Opinião

Seriam as empresas o nosso Frankstein?

Por Liliane Rocha* 

Vendo alguns estudos da OIT é impossível não notar o quanto a violência no mundo do trabalho por vezes parece aumentar, principalmente em tempos pautados pelo discurso da “crise econômica” são ocorrências de assédio moral, demissões em massa sem justificativas econômicas plausíveis e uma linha cada vez mais invisível entre vida profissional e pessoal.

Não é raro hoje, aliás, é regra, que ao chegarmos em uma empresa de grande porte, encontremos diversas câmeras instaladas que nos lembram Foucault em “Vigiar e Punir”, pois percebemos a existência de mecanismos de controle e vigilância por toda parte. Ou seja, todos precisam estar constantemente, sendo vigiados como se fosse pressuposto que alguém em algum momento fará algo de errado e precisará ser punido.

Fatores como estes demonstram que muitas das empresas não tem cumprido seu papel social, nem mesmo da porta para dentro, com seus próprios colaboradores. Esta conclusão só é válida quando o ponto central da nossa reflexão são as condições de bem estar e qualidade de vida do ser humano. Está evidente que se o ponto central nesta linha de raciocínio fosse o crescimento econômico, as corporações poderiam ser consideradas muito saudáveis, afinal têm demonstrado, cada dia mais, mesmo com a suposta crise, bom desempenho financeiro e rendimento.
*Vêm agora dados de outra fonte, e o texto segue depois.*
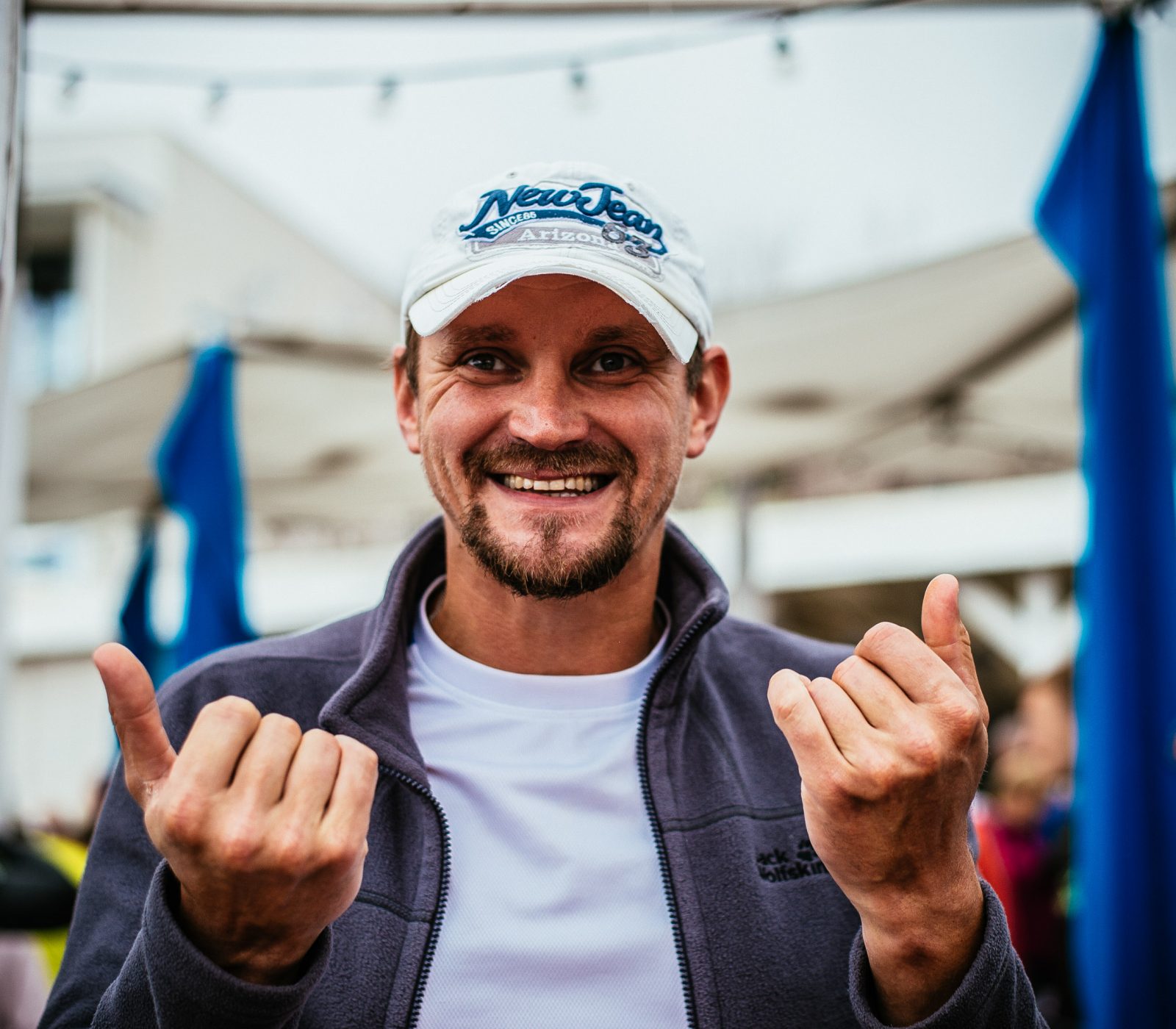 Наввипередки з дельфінами: в Одесі пройшов масовий заплив у відкритій воді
Contudo, se pensarmos que as organizações, assim como todas as estruturas sociais, foram feitas pelo homem, e deveriam, portanto, suprir as suas necessidades, chegamos à conclusão de que estamos criando um “monstro”. Cabe aqui uma analogia com o Frankstein, a criatura que destrói seu próprio criador.

Foto: Shutterstock

 

Quando ampliamos esta análise para as relações externas, expressas no relacionamento das empresas com seus diversos stakeholders, o quadro se torna ainda mais preocupante, pois ainda hoje não podemos dizer que foi firmado um consenso sobre ser ou não obrigação das empresas desempenhar um papel ético, moral e social junto à comunidade nas quais estão inseridas, ao meio ambiente, do qual estão extraindo suas matérias primas, e junto à sociedade em geral.

Tudo que foi citado até este ponto foi para reforçar como em muitos casos o social ainda está apartado do econômico. O mais intrigante em tudo isso é que as organizações não são organismos vivos, mas sim instituições criadas e compostas por seres humanos, um coletivo de indivíduos que juntos compõe e formam as empresas. E, portanto concluir que as organizações não servem aos seres humanos, mas sim a um sistema é algo que deve causar muito estranhamento.

Certamente a integração do social e do econômico, com o ser humano no centro da estratégia de negócio, não só é possível como também é necessária. E hoje o anseio por essas transformações tem se refletido no mundo com o nome de sustentabilidade. Cada vez mais pessoas e organizações compreendem que em um mundo de profissionais insatisfeitos, de comunidades miseráveis e de escassez ambiental nenhum crescimento econômico será suficiente para assegurar a continuidade da espécie humana.

Conciliar fatores econômicos e sociais, não somente é possível, como também necessário. Já começamos a trilhar esse caminho colocando em prática estratégias de sustentabilidade, contudo há necessidade ainda de aprofundar, consolidar. Cabe a todos nós a função de olhar para as empresas, recriá-las, transformá-las e, de alguma forma, fazer com que cumpram seu papel fundamental que é servir bem as necessidades e anseios da humanidade. (#Envolverde)

* Liliane Rocha é diretora Executiva da empresa Gestão Kairós (www.gestaokairos.com.br), mestranda em Políticas Públicas pela Fundação Getúlio Vargas, MBA Executivo em Gestão da Sustentabilidade na FGV, Extensão de Gestão Responsável para Sustentabilidade pela Fundação Dom Cabral, graduada em Relações Públicas na Cásper Líbero. Gestora com 11 anos de experiência na área de Responsabilidade Social tendo trabalhado em empresas de grande porte – tais como Philips, Banco Real-Santander, Walmart e Grupo Votorantim. Escreve mensalmente para a Envolverde sobre Diversidade.